Son olarak, 1 Kasım 1922’de TBMM, saltanatı resmen kaldırdı. Vahdeddin artık ne halkın ne de devletin lideri konumundaydı. İki hafta sonra, 17 Kasım’da İstanbul’u terk ederek sürgün yolculuğuna çıktı.

Sultan Vahdeddin ile Mustafa Kemal Paşa Münasebeti
Sultan Vahdeddin ile Mustafa Kemal Paşa arasındaki ilişki, Osmanlı’nın son dönemine ve Türkiye Cumhuriyeti’nin doğuşuna damga vuran kritik bir tarihselliğe sahiptir. Aralarındaki münasebet, zaman içinde güvene dayalı bir görev ilişkisiyle başlayıp, bağımsızlık mücadelesi sürecinde zıt yönlere evrilmiştir.
Vahdeddin, Mustafa Kemal’i yakından tanıyan bir padişahtı. 1917 yılında birlikte Almanya seyahatine çıkmış, bu vesileyle onun askerî yeteneğine ve kararlılığına şahsen tanık olmuştu. Bu tanışıklık, iki yıl sonra önemli bir görevlendirmeye zemin hazırladı.
30 Nisan 1919 tarihinde Sultan Vahdeddin’in onayıyla çıkarılan irade ile Mustafa Kemal Paşa, 9. Ordu Müfettişi olarak Anadolu’ya gönderildi. Resmî görevi, bölgede bozulan düzeni sağlamak ve silahların teslimini denetlemekti.

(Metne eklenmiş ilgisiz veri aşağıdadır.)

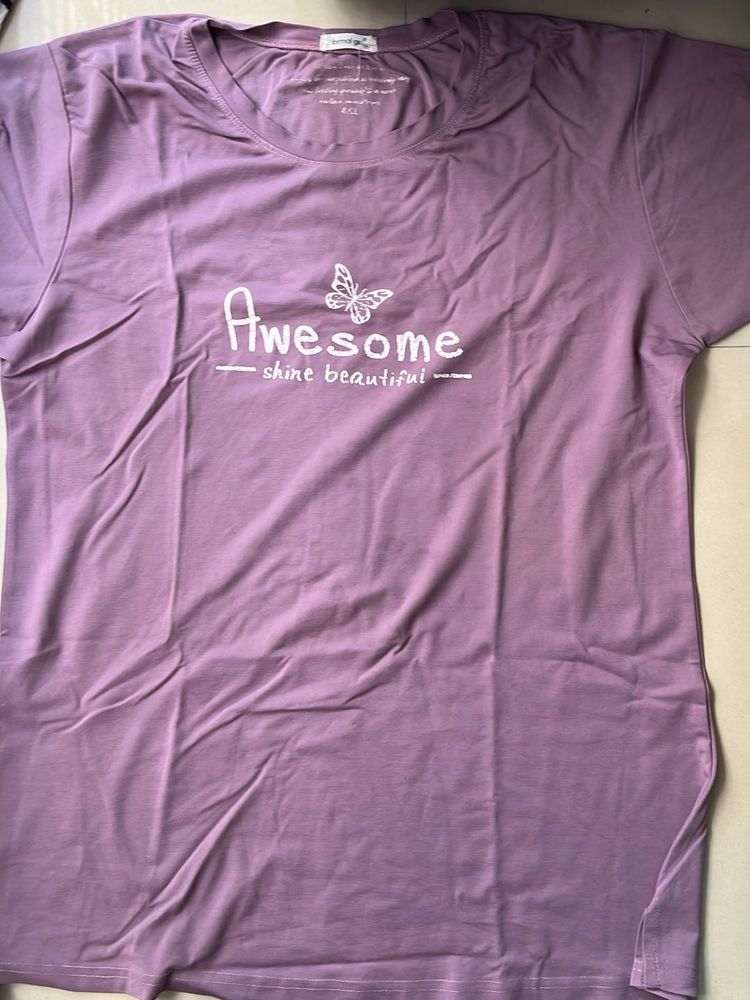 Awesome Shine Beautiful Tee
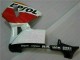 Orange Noir Repsol 05-06 Honda CBR600RR Carénages Moto Orange Noir Repsol 05-06 Honda CBR600RR Carénages Moto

Ancak bu görev, Mustafa Kemal için Anadolu’da millî direnişi başlatmak adına bir fırsat anlamı taşıyordu.

İlk başta taraflar arasında doğrudan bir çatışma yoktu; fakat Anadolu’daki Millî Mücadele hareketi giderek saraydan bağımsız ve sert bir çizgiye evrildi. 1919’da Erzurum ve Sivas Kongreleri, 1920’de ise Ankara’da Türkiye Büyük Millet Meclisi’nin kurulmasıyla, artık İstanbul’daki saray otoritesi açıkça sorgulanır hâle geldi.
Bu süreçte Sultan Vahdeddin, İstanbul’un işgali ve siyasi baskılar altında, İtilaf Devletleriyle iş birliği yapma yolunu tercih etti. Millî Mücadele’ye destek vermek yerine, İngiltere ile yakınlaşarak Osmanlı Devleti’nin bir kısmını kurtarma çabası içine girdi. Ankara’daki yeni hükümet ise bu yaklaşımı “ihanet” olarak nitelendirdi.
Sonuç olarak, Vahdeddin ve Mustafa Kemal Paşa’nın yolları tamamen ayrıldı. 1 Kasım 1922’de TBMM tarafından saltanat kaldırıldı ve Vahdeddin, iki hafta sonra İstanbul’dan ayrılarak sürgün hayatına başladı. Bu noktada artık Mustafa Kemal, yeni bir dönemin lideri, Vahdeddin ise sona ermiş bir imparatorluğun son temsilcisi hâline gelmişti.
Sürgün ve Ölümü
1 Kasım 1922’de Türkiye Büyük Millet Meclisi saltanatı resmen kaldırarak Osmanlı’nın altı asırlık hükümdarlık sistemine son verdi. Artık Sultan Vahdeddin ülke içinde ne siyasi ne de sembolik bir güce sahipti. Bu kararın ardından padişahın İstanbul’da kalmasının tehlikeli olacağı düşünülüyordu. Hem halk tepkisinden hem de muhtemel siyasi çatışmalardan korunmak amacıyla, kendi talebiyle yurt dışına çıkma izni verildi.
17 Kasım 1922 sabahı, gizli bir hazırlığın ardından İngiliz savaş gemisi HMS Malaya ile İstanbul’dan ayrıldı. Bu sahne, Osmanlı tarihinde bir devrin kapanışını simgeliyordu. Üç kıtaya hükmetmiş büyük bir imparatorluğun hanedanı artık Anadolu topraklarında hüküm süremeyecekti.
İlk durağı Malta oldu. Burada kısa süre kaldıktan sonra İtalya’nın Sanremo kentine yerleşti. Bir zamanlar bir imparatorluğa hükmeden padişah artık Avrupa’da kendi ülkesine hasret bir sürgün hayatı yaşıyordu. Sürgün yıllarında maddi sıkıntılarla karşılaştı maaş bağlanması konusunda Ankara hükümetine yaptığı başvurular karşılıksız kaldı. Varlıklarını elden çıkarmak zorunda kaldı ve yakın çevresindeki birkaç kişiyle mütevazı bir yaşam sürmeye çalıştı.
Bu dönemde yazdığı bazı mektuplarda, hilafet makamını koruma isteğini ve hâlâ Müslüman dünyaya hizmet edebileceğini dile getirmiştir ancak bu çağrılar yanıtsız kalmıştır.
16 Mayıs 1926 tarihinde, Sanremo’daki mütevazı evinde hayata gözlerini yumdu. Cenazesi, Türkiye’ye getirilmesine izin verilmediği için Suriye’nin Şam kentinde yer alan Süleymaniye Camii’ne defnedildi.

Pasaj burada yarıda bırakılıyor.